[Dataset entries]
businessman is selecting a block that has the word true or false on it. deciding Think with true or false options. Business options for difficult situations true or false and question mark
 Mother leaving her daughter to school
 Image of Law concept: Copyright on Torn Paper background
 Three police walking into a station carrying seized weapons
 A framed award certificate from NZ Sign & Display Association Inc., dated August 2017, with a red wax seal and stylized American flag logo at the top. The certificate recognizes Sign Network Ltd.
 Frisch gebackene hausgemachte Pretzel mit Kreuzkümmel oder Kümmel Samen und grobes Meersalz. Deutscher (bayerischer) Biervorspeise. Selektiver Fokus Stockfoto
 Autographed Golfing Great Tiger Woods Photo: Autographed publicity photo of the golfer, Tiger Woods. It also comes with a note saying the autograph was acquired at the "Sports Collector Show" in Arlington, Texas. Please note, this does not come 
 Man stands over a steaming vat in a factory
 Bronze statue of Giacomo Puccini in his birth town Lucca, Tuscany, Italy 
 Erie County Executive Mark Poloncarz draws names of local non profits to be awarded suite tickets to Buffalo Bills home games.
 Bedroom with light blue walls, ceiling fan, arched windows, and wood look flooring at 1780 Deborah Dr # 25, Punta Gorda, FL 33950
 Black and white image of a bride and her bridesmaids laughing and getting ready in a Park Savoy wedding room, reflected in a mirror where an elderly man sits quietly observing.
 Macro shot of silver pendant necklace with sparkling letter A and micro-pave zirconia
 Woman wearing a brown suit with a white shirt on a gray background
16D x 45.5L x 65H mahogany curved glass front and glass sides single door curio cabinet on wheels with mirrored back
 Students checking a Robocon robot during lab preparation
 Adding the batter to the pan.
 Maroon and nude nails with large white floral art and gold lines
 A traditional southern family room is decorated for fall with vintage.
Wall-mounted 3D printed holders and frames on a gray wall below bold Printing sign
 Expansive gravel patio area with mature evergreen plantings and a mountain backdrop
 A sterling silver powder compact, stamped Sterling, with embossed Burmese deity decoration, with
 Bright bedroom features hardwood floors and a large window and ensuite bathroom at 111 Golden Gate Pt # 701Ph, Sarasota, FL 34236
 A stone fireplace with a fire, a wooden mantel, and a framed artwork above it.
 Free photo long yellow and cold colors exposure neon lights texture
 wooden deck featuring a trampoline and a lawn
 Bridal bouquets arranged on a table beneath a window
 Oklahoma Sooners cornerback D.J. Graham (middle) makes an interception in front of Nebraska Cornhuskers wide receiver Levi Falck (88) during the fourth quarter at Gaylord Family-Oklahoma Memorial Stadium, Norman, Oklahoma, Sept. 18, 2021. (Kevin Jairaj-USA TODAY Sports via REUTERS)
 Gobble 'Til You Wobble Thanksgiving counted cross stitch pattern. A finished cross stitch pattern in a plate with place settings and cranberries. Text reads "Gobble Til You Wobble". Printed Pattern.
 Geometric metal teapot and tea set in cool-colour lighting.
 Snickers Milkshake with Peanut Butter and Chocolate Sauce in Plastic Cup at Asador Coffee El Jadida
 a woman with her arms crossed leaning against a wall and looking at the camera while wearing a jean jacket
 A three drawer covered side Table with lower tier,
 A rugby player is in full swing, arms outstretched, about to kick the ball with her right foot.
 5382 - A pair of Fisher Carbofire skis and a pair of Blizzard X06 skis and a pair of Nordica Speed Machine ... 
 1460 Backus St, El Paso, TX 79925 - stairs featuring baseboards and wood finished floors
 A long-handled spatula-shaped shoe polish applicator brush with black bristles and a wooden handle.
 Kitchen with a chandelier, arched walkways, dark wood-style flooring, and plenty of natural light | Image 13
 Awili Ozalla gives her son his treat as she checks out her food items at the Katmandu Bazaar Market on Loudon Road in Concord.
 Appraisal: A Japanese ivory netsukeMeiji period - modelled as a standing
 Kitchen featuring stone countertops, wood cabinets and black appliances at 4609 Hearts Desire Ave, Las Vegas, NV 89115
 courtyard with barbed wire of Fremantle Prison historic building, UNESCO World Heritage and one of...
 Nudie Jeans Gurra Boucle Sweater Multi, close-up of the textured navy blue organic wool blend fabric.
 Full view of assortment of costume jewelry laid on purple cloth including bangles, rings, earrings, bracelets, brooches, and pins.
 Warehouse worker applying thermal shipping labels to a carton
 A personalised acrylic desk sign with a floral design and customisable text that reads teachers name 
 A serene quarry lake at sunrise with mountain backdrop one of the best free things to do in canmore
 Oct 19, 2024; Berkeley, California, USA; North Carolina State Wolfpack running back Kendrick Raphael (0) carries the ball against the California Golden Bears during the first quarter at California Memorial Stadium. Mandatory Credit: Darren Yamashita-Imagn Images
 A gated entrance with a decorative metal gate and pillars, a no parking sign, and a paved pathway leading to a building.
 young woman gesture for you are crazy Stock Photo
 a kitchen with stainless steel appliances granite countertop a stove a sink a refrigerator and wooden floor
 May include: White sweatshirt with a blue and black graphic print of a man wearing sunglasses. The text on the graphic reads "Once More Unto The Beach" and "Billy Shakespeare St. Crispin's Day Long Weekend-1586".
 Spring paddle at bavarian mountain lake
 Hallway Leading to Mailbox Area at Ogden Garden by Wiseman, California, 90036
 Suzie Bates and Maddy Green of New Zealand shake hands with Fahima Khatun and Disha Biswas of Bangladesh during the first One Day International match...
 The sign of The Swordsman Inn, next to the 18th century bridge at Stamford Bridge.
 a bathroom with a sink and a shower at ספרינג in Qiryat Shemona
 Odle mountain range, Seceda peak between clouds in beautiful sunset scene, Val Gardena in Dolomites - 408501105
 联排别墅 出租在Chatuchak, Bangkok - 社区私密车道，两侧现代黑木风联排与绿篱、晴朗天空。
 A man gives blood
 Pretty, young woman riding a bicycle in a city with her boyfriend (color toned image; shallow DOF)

■ **Required work**: Without changing anything, quote the lines from the top of the data to the line that contains "Erie County Executive", including that line.

■ **Answer**:
businessman is selecting a block that has the word true or false on it. deciding Think with true or false options. Business options for difficult situations true or false and question mark
 Mother leaving her daughter to school
 Image of Law concept: Copyright on Torn Paper background
 Three police walking into a station carrying seized weapons
 A framed award certificate from NZ Sign & Display Association Inc., dated August 2017, with a red wax seal and stylized American flag logo at the top. The certificate recognizes Sign Network Ltd.
 Frisch gebackene hausgemachte Pretzel mit Kreuzkümmel oder Kümmel Samen und grobes Meersalz. Deutscher (bayerischer) Biervorspeise. Selektiver Fokus Stockfoto
 Autographed Golfing Great Tiger Woods Photo: Autographed publicity photo of the golfer, Tiger Woods. It also comes with a note saying the autograph was acquired at the "Sports Collector Show" in Arlington, Texas. Please note, this does not come 
 Man stands over a steaming vat in a factory
 Bronze statue of Giacomo Puccini in his birth town Lucca, Tuscany, Italy 
 Erie County Executive Mark Poloncarz draws names of local non profits to be awarded suite tickets to Buffalo Bills home games.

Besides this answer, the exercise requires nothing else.